Data provided:
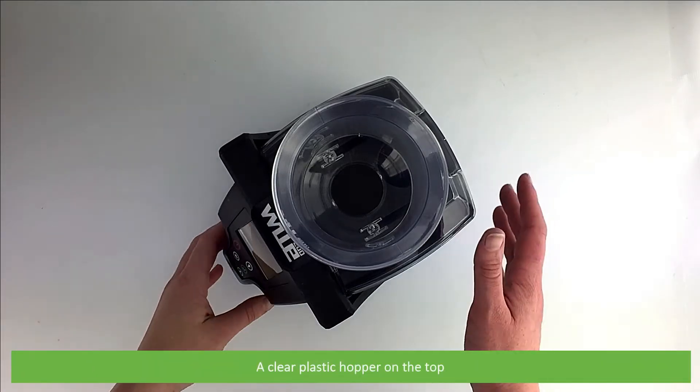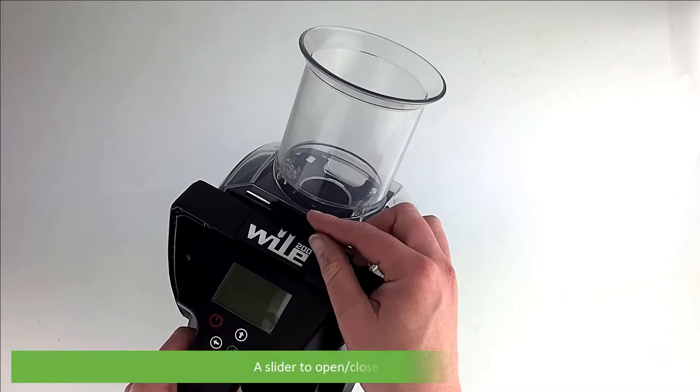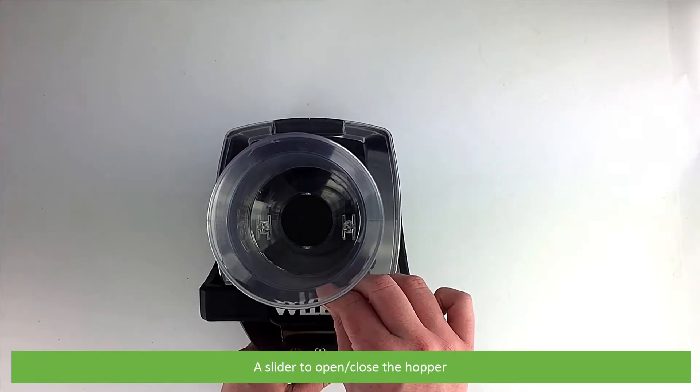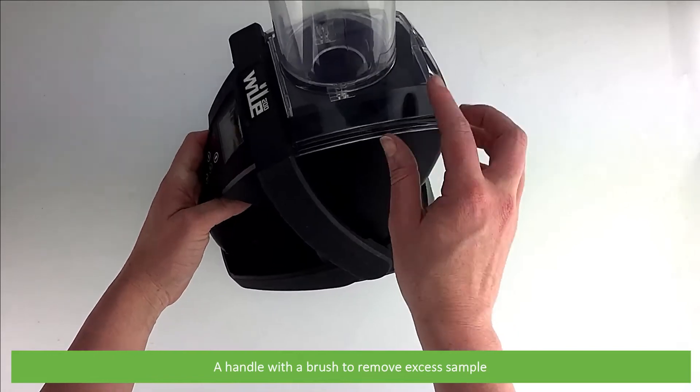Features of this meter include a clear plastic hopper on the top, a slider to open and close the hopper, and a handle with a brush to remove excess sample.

...

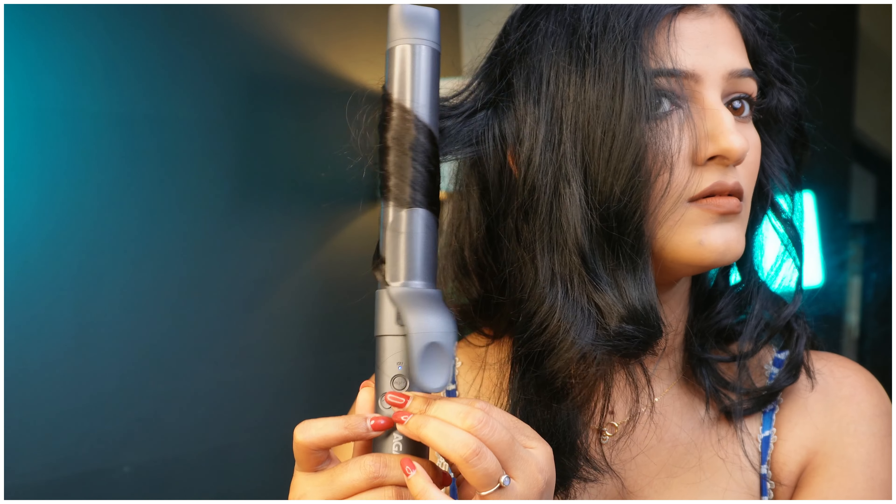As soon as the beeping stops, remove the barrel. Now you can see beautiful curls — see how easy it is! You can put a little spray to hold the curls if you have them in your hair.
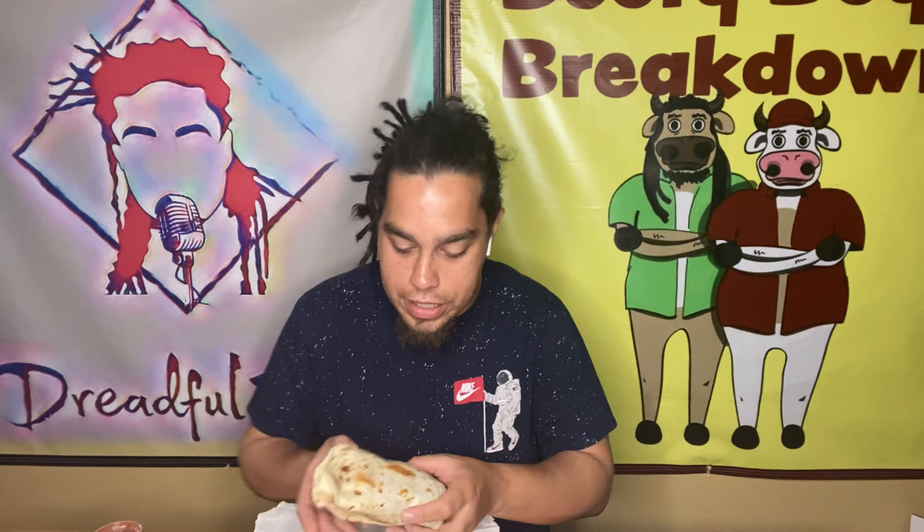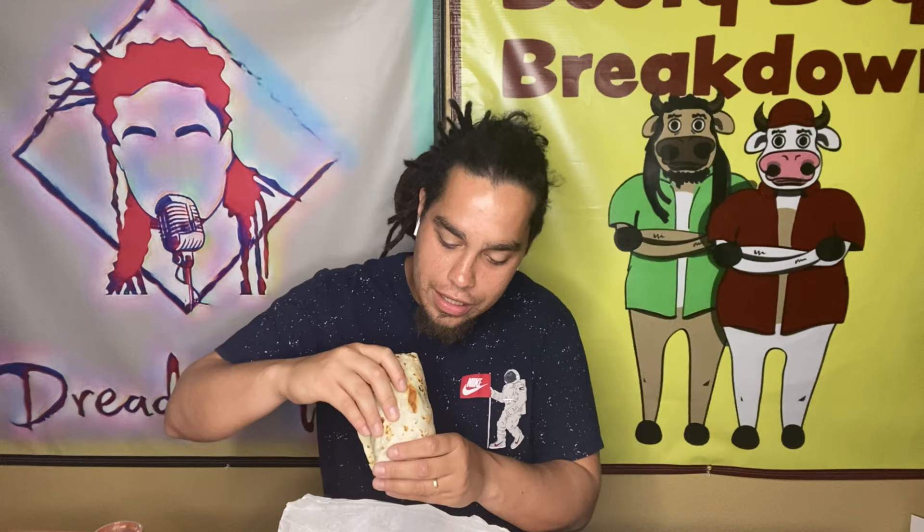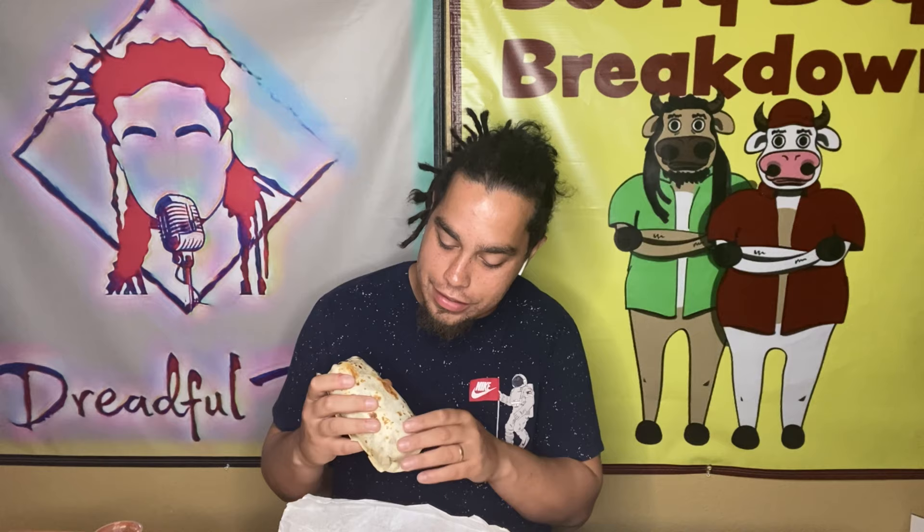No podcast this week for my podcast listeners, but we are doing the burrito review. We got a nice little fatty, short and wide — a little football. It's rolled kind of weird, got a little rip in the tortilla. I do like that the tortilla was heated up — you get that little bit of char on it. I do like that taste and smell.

==

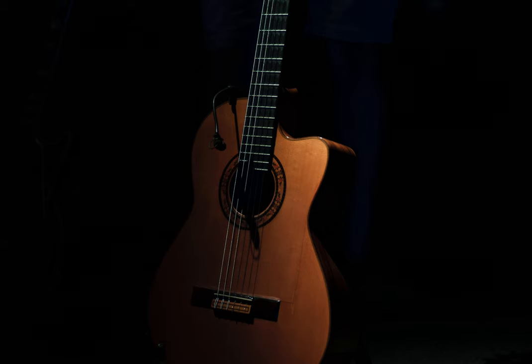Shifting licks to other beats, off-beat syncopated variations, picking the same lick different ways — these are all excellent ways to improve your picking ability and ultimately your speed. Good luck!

Brief:
Look above for the line with "As soon as the" and copy exactly from it through the line with "No podcast this", both included. Omit the pictures.

Result:
As soon as the beeping stops, remove the barrel. Now you can see beautiful curls — see how easy it is! You can put a little spray to hold the curls if you have them in your hair.
No podcast this week for my podcast listeners, but we are doing the burrito review. We got a nice little fatty, short and wide — a little football. It's rolled kind of weird, got a little rip in the tortilla. I do like that the tortilla was heated up — you get that little bit of char on it. I do like that taste and smell.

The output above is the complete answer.